Pursuant to Section 6.5 of the Program Operating Lease, on
each Payment Date, the Lease Trust Paying Agent shall deposit to the Cash
Collateral Account any amounts paid to it pursuant to clause (ii) of this
Section 3(e) on such Payment Date. After such deposit, on each Payment Date,
the Lease Trustee shall withdraw the Cash Collateral Additional Draw Amount
from the Cash Collateral Account and apply such amounts to pay each of the
items specified in clauses (ii) and (iii) of this Section 3(e) without
duplication of the amounts already paid on such Payment Date.
Following the Payment Date on which the Outstanding Amount of
the Senior Notes has been reduced to
6
<PAGE> 8
zero, on the Business Day preceding each Semiannual Payment Date for which the
Available Funds, as set forth in the Disbursement and Payment Instructions, is
less than the sum of the amounts specified in clauses (i) and (ii) of this
Section 3(e), the Lease Trustee shall withdraw the Certificate Distribution
Draw Amount, as set forth in the Disbursement and Payment Instructions, from
the Certificate Distribution Account and deposit such amount in the Series
1996-1 Payments Account.
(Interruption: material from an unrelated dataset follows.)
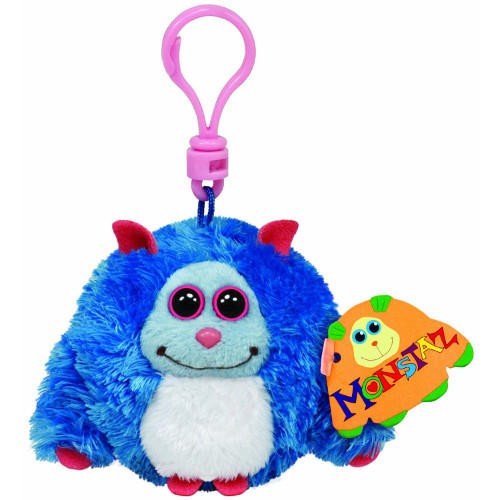 Plush monstaz jerry - jerry,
On the related Semiannual Payment Date the Lease
Trustee shall apply such amount to pay the amounts specified in clauses (i) and
(ii) of this Section 3(e) without duplication of the amounts already paid on
such Semiannual Payment Date.
(f) Payments of Principal of Subordinated Notes and Lease
Trust Certificates if Senior Notes are Retired on a Semiannual Payment Date.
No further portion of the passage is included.